San Juan de Ortega 24.9k just over 41,000 steps  and about 7 hrs. We walked the alternate route into Burgos, west of the airport, following the river onto the city. This route brought us right into city center. We had decided to take a couple of days off and rented an apartment not far from the cathedral, we were struggling to find a street sign to make sure we were in the right place when a lady offered assistance and took us  right to the door, as it turned out we weren’t far from where we need to be but it was still wonderful to have the assistance.  

We have arrived in Burgos to find the Fiesta de la Flores is on, wonderful flower displays are being set up through the downtown, I hope to have photos and a blogs post soon! 

Buen Camino 

Navarrete to Najera 

17 k walk 

18 k wind 16C despite the sky only a sprinkle of rain, not really enough to settle the dust. To day we got a little damp, but not wet, the wind dried out our cloths as quickly as the rain cloud sprinkled a little rain.

Rocky, red clay road

Vineyards and olive trees 

No coffee, no rest stop until 3 k from the end where we found a picnic shelter and  stopped for a short rest and a  cookie.

3 1/2 hour walk, about 25,0000 steps. We arrived just after 11:30 am.  

Viana to Navarrete; Camino to Santiago de Compostela 

The church bell rang as we left Viana; it was 7:45 am. 23 k, approximately 35,000 steps and 6 hours we arrived in Navarrete. 

Today was another pleasant walk. Beautiful mural painted on the walls, on sign noted 661 kms to Santiago, arriving on Navarrete another sign said 575 kms. The miles are slowly being walked. 

Los Arcos to Viana; Camino to Santiago de Compostela 





It was a beautiful day; 18k, approx 33,000 steps and 5 hours. We walked mostly on country roads,  although the camino route did include some asphalt today. 

The weather was a little cloudy, but that meant it didn’t get to hot! We had a sprinkle of rain as we approached Viana, but not enough to get the rain gear out for. 

The spring flowers are blooming along the roadside, the crops are ripening in the fields, and we watched one sheep herder move his sheep down the road, he walked ahead, they followed, it all looked pretty routine for them, but not the group who gathered above to watch! 

There was a couple of beautiful churches, I will show you those images when I can properly edit them, and do a little more research on their history. 

All and all a lovely day, another short walk planned for tomorrow! 

Buen Camino 

Estella to Los Arcos

After a rainy day off on Estella we headed out this morning, it was a cool start to the day, but before long the sun was shining and it was a lovely 17 k walk. 

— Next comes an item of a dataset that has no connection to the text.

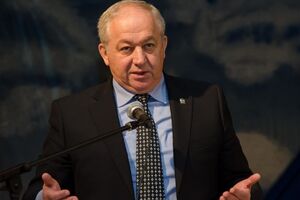 Кабмин просит Порошенко отправить Кихтенко в отставку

Beautiful countryside, I am editing photos and publishing the blog using my phone, not convenient for long stories, so I will let the photos speak for me! 

Camino to Santiago de Compostela; Pamplona to Uterga 

We started our slow steady climb to Cizur Menor, and the Alto de Perdon by walking between fields of wheat blowing in the wind. 

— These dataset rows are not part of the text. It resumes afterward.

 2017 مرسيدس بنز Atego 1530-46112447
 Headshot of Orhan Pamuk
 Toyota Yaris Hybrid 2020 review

The climb steadily increase, the views of Pamplona and the valley below were stunning.

At Zarriquiegui a hamlet about 10k out of Pamplona, we rested for a bit in the 13th-century Romanesque Iglesia de San Andrés. Our timing was perfect, as these two gentleman were singing, it was a delightful and unexpected pleasure. 

It was very windy at the top of the Alto de Perdon, the iron sculptures of the first pilgrims, and if you look beyond the sculpture you can see windmills in the distance.  In 2016 wind energy was the second source of electrical generation in Spain and  Spain is the fifth country in terms of installed wind power. Every Alto seems to have dozens of these large windmills on them!  

Our journey today 17 k, 28500 steps 4C when we left this morning, cold wind blowing most of the day with a high of 13C. Sitting at the end of the day on a sunny patio, with a glass of wine,  we will remember this as another lovely day. 
 

Day 3; Larrasoana to Pamplona 

15k, 4 hour about 23,000 steps. 

Today was so much easier than the last couple of days, and we had time to spend people watching in the Plaza.  

I have a pinhole attachment I have been experimenting with it. The light meter on the camera doesn’t work, so each exposure requires some fiddling.  It is impossible to see through the viewfinder so framing the images is difficult, but I love the softness it provides.